Had the first smoker event – a large batch of pork ribs and chicken drumsticks. Paired with Dutch Cole slaw, cauliflower-broccoli salad, and macaroni salad, it was a great meal. It’s quite different from the Holland grill. The Holland is more of a conventional oven with almost everything taking an hour or less to prepare. It operates at 400 degrees and is easily cleaned after use with a thorough cleaning required every six months or so. The smoker has much more overhead associated with it – more to clean with each use so you wouldn’t want to use it for just a casual meal. Right now I’m looking at the smoker as a special event cooker with company rather than a mid week meal producer. One operational aspect that surprised me was water usage. There’s a water pan that holds a quart or two and supplies moisture to the meat when cooking. Tom had indicated that he had to add water to the pan on an 8 hour smoking experience. The ribs were scheduled to cook 4 hours so I filled the pan expecting it to be down 50% by the end of the process. Instead it was still full – in fact if anything there seemed to be more than at the start. I could understand some rendered fat drippings adding to the water during the cooking process but with an oven temp of 235, I would have expected more water to have boiled off. Wonder why it didn’t?

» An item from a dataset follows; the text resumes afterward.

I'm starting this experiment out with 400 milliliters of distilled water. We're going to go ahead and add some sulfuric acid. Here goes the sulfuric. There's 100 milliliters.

The detailing job on the truck turned out nicer than I expected. I forgot how it looked when new. The new cover fit perfectly so now it’s set for a while. The guy who did the work asked me if I parked it under pine trees. He guessed that based on the amount of pine sap that had dripped on it and the scratched areas where I had tried to remove it. He had a good idea – don’t park under pine trees. And if you do, don’t try to remove the sap drippings – just live with it. The cover is our solution.

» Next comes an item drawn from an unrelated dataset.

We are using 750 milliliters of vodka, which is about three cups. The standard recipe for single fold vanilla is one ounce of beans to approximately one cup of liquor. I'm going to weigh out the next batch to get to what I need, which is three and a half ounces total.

The previously mentioned biscuits passed a major milestone. We had taken the risk of buying and freezing a dozen assuming they would be just as good or almost as good when thawed and heated. Good move. I popped one in the oven to go with the left over turkey soup Nance had made and was overjoyed when it tasted as good as fresh out of the original oven. Now between the Olde Hearth ciabatta rolls and Emma’s biscuits, I’m in the best bread zone since we left Salt Lake where we had Pacific Bay ciabatta bread and biscuits at Ruth’s Diner.